I have become fascinated by Acai, even though I can still not pronounce it correctly and I won't even bother trying to figure out how to print it with the accent which I can't find on my computer keyboard. I'm an admitted latecomer to the trend. Yes, it's old news. But it's still a good story. The recent New Yorker article did a great job outlining the background.
The New Yorker article tells the tale of how two SoCal chums and University of Colorado grads (Go Buffs!) Ryan and Jeremy Black "discovered" acai in the Braizilian jungle and started marketing it in the United States, kicking off what would become one of the most potent health-food marketing booms in recent history, aided and abetted by none other than Oprah.
What I found interesting about the article is not so much about the controversy surrounding the health benefits of acai (like most debates, the truth lies probably somewhere in between), but the entrepreneurial spirit of the two Black brothers and their partner Edmund Nichols.
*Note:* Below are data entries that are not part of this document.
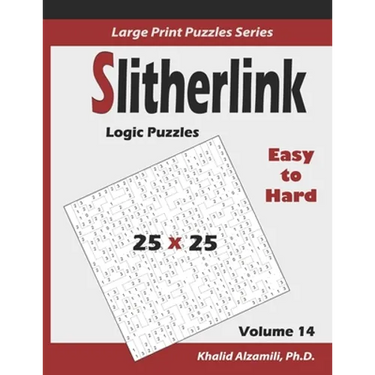 Slitherlink Logic Puzzles: 100 Easy to Hard (25x25): : Keep Your Brain Young
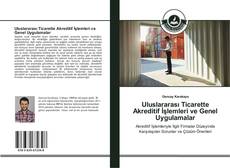 Bookcover of Uluslararası Ticarette Akreditif İşlemleri ve Genel Uygulamalar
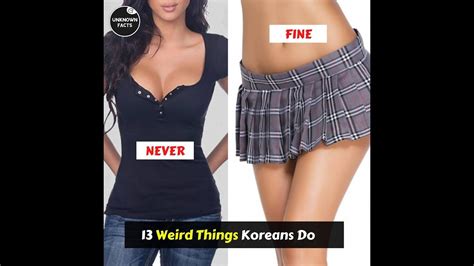 13 Weird Things Koreans Do Youtube
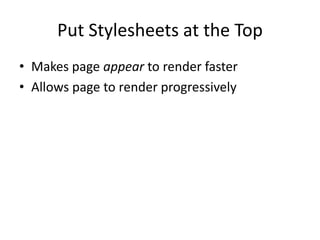 Make Fewer HTTP RequestsCombined filesCSS spritesImage mapsInline imagesIn a stylesheet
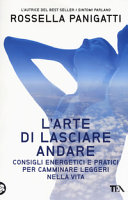 Copertina  L'arte di lasciare andare : consigli energetici e pratici per camminare leggeri nella vita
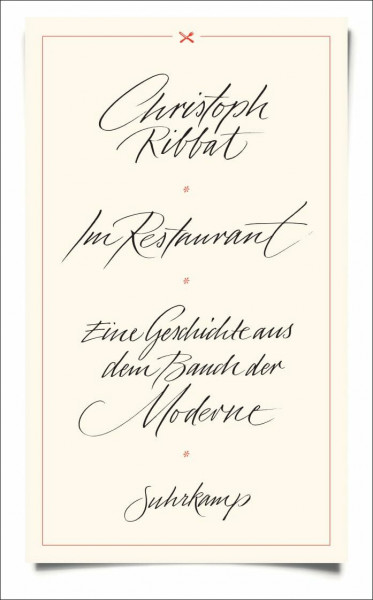 Im Restaurant: Eine Geschichte aus dem Bauch der Moderne (suhrkamp taschenbuch)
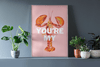 You’re My Lobster Print - Hauslife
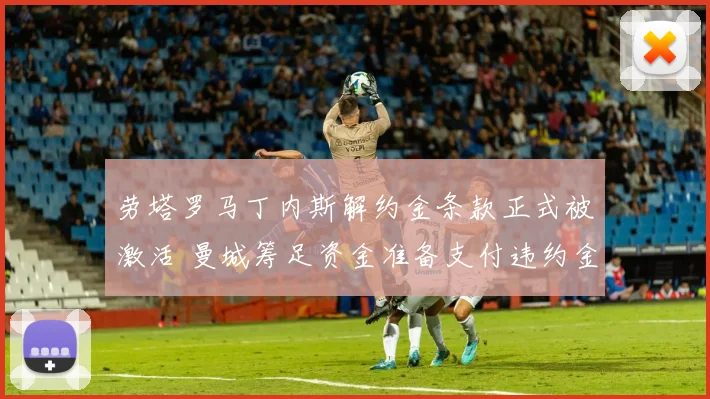 劳塔罗马丁内斯解约金条款正式被激活 曼城筹足资金准备支付违约金强挖国米核心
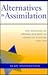 Alternatives to Assimilation: The Response of Reform Judaism to American Culture, 1840 - 1930 (Brandeis Series in American Jewish History, Culture and Life)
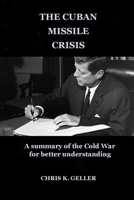 The Cuban Missile Crisis: A summary of the Cold War for better understanding B09V2HPK9X Book Cover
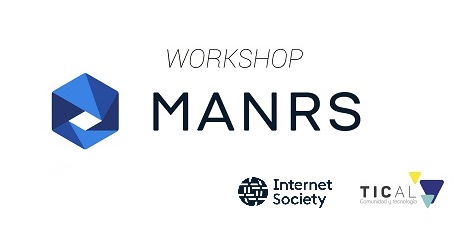 Com conclusão programada para TICAL2019, workshop de Internet Society treinará especialistas em MANRS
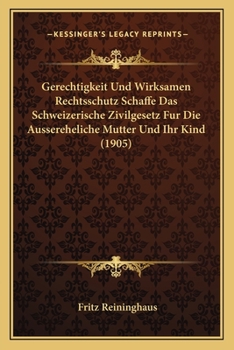 Paperback Gerechtigkeit Und Wirksamen Rechtsschutz Schaffe Das Schweizerische Zivilgesetz Fur Die Aussereheliche Mutter Und Ihr Kind (1905) [German] Book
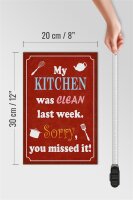 Holzschild Spruch 20x30cm my Kitchen was clean last week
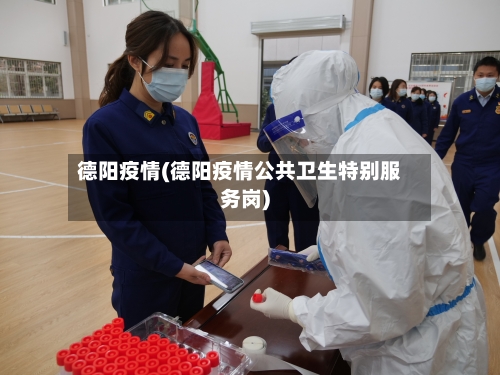德阳疫情(德阳疫情公共卫生特别服务岗)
The went to the jungle with a load of credit-card debt, locked in a long-term contract to sell acai through a Brazilian producer, and spent hundreds of thousands in the first year to ship Acai to the United States. Within two years they were doing half a million in sales and now they do $50 million. Quite an adventure.
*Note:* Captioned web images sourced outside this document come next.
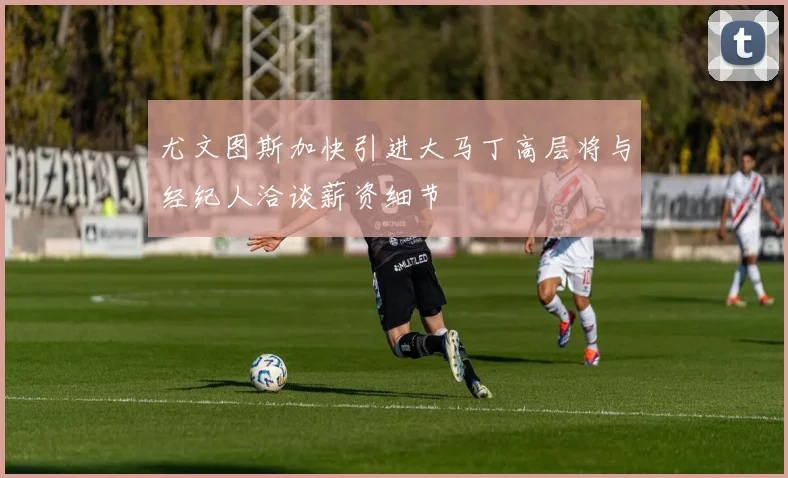 尤文图斯加快引进大马丁高层将与经纪人洽谈薪资细节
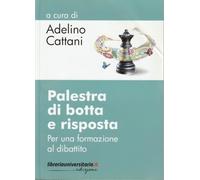 Palestra di botta e risposta. Per una formazione al dibattito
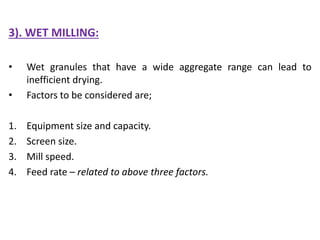 3). WET MILLING:
• Wet granules that have a wide aggregate range can lead to
inefficient drying.
• Factors to be considered are;
1. Equipment size and capacity.
2. Screen size.
3. Mill speed.
4. Feed rate – related to above three factors.
 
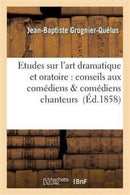 Etudes Sur l'Art Dramatique Et Oratoire: Conseils Aux Comediens & Comediens Chanteurs-9782011947888
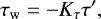 \begin{equation*}\tau_{\mathrm{w}} = - K_{\tau} \tau&#x0027;, \end{equation*}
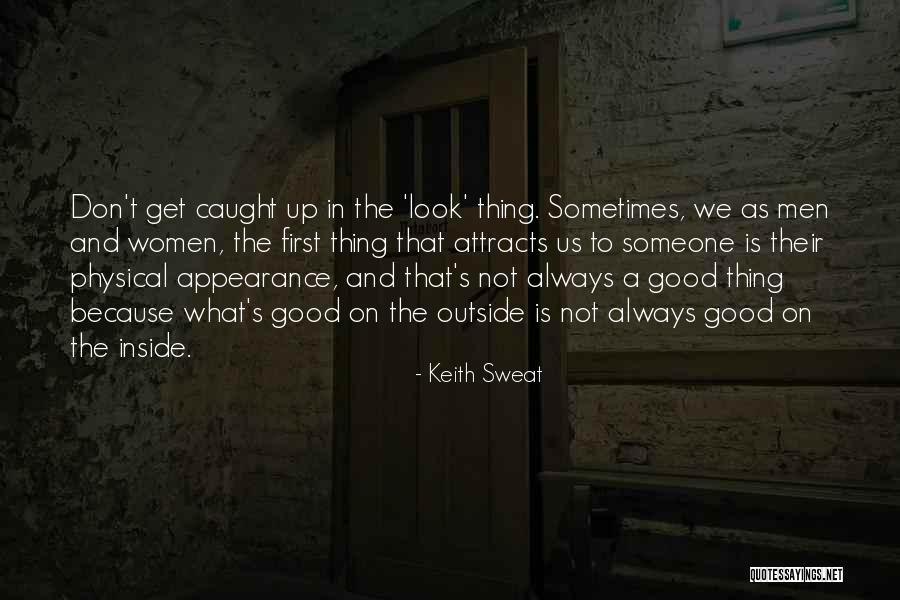 Rybinski Piosenki Quotes By Keith Sweat Rybinski Piosenki Quotes By Keith Sweat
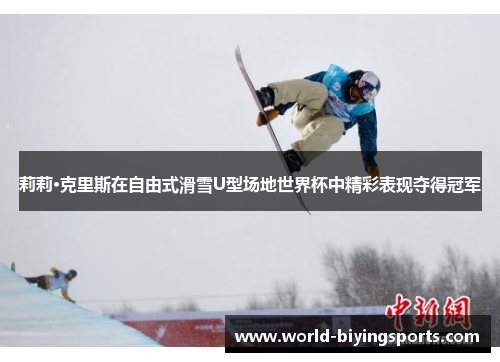 莉莉·克里斯在自由式滑雪U型场地世界杯中精彩表现夺得冠军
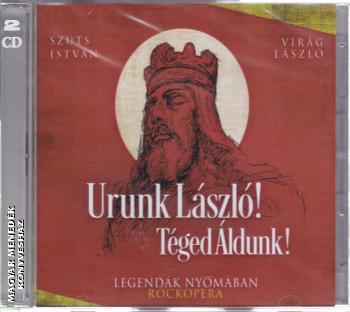 Szts Istvn Virg Lszl - Urunk Lszl! Tged ldunk! Rockopera 2CD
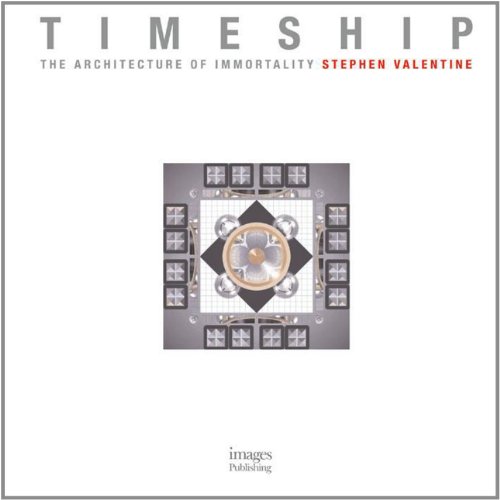 Timeship : The Architecture Of Immortality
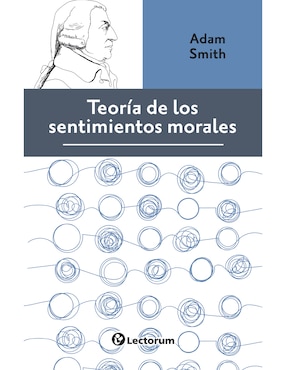 Teoría De Los Sentimientos Morales De Adam Smith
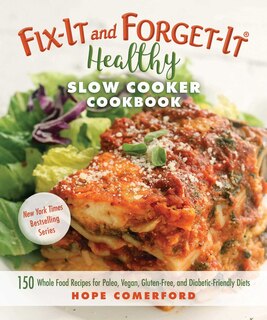 Fix-It and Forget-It Healthy Slow Cooker Cookbook: 150 Whole Food Recipes for Paleo, Vegan, Gluten-Free, and Diabetic-Friendly Diets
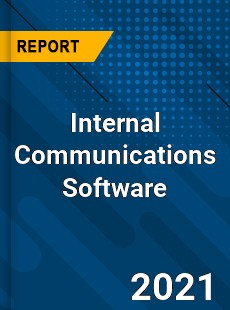 Global Internal Communications Software Market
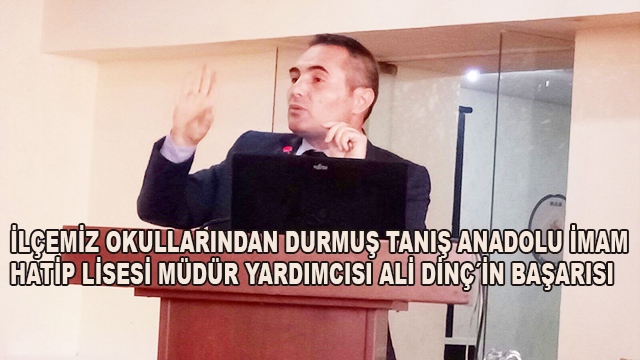 İlçemiz Okullarından Durmuş Tanış Anadolu İmam Hatip Lisesi Müdür Yardımcısı Ali Dinç´İn Başarısı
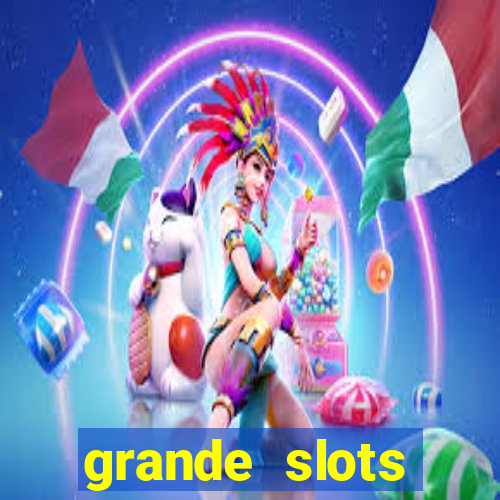 grande slots jackpot louco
The other story in acai is about marketing. How does an obscure jungle fruit go from being a locally enjoyed delicacy to a multi-billion-dollar global business in ten years? Savvy marketing. The blacks hooked into real-world health research and captured the Brazilian mystique. The more nefarious marketeers later leveraged Acai into online marketing scams. But both the legitimate companies and online scammers had something in common: They knew that consumers like a good story, and you can't get much better of a story than a mysterious berry coming out of the Brazilian jungle.